Here’s Michael Cooper, Conservative MP for St. Albert — Edmonton, indulging in a little theatre a week ago at the Procedure and House Affairs Committee. It really is worth watching the video:
And here’s Justin Trudeau, the Prime Minister of Canada, indulging in a little theatre Thursday in the Commons lobby:
One suspects a causal link. How many PRC diplomats have been expelled from Canada in 2019, Cooper asked. “None that I’m aware of,” David Morrison, the deputy minister of global affairs, replied. Cooper repeated the exercise for 2020, 2021 and 2022, which gave him a chance to say “Zero! Zero! Zero! Zero!” at the end.
Trudeau popped out of the elevator this morning to answer — sorry, to talk around — a question about a Chinese diplomat who was apparently denied a visa last autumn.

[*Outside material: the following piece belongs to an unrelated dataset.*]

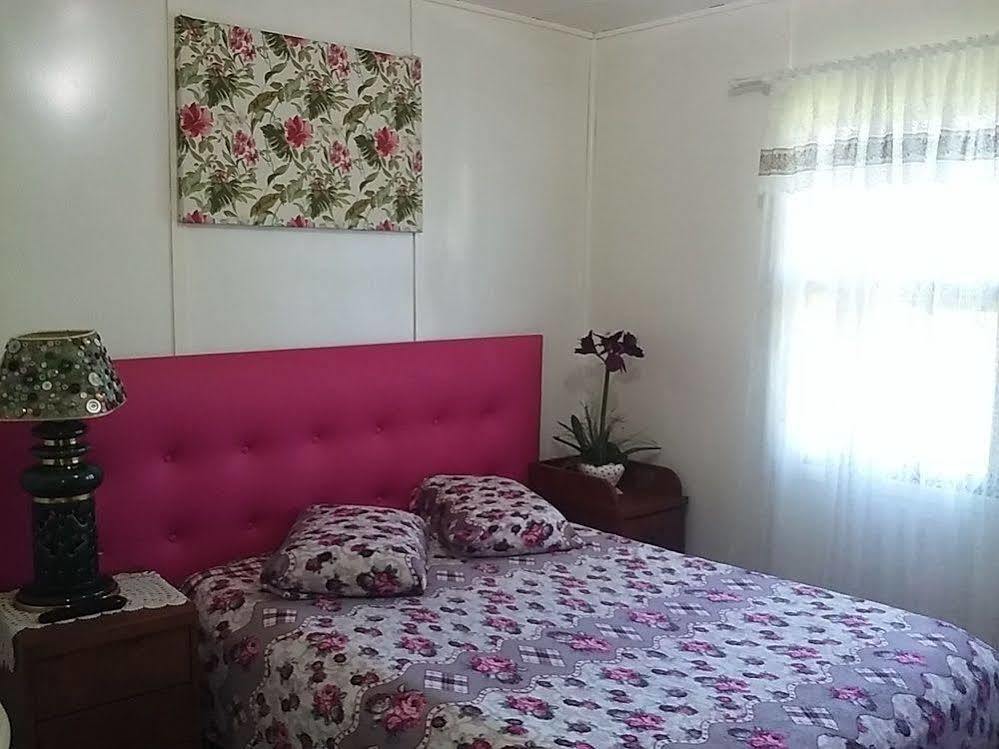 Pousada Hospedagem Rose'S Canela Ngoại thất bức ảnh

The visa was denied last autumn, but news of it came from the Globe and Mail last night. The Globe’s reporters cite a federal government source, which is entertaining because until last night, the federal government was angry about leaks to Globe reporters.
Also entertaining: Compare the way Cooper wrapped up his exchange with Morrison with the way Trudeau sums up the news about the visa denial.
Cooper: “This is clearly a government that doesn’t take foreign interference by Beijing seriously.”
Trudeau: “This is an issue we’ve always taken seriously.”
The theatrics from PROC (the short form everyone uses for the committee) can be a bit much, but it’s good to see an opposition MP writing the PM’s talking points. I actually mean today’s subhead mostly seriously: when the despised mainstream media and the despised opposition tag-team a despised government, the result is a rapid and long overdue increase in the amount of transparency about Canada-Chinese relations. As The Hold Steady remind us: “It doesn’t have to be pure/ It doesn’t have to be perfect/ Just sort of has to be worth it.”
This ungraceful extraction of useful new information continued Thursday, when Mélanie Joly and Dominic LeBlanc testified at the committee.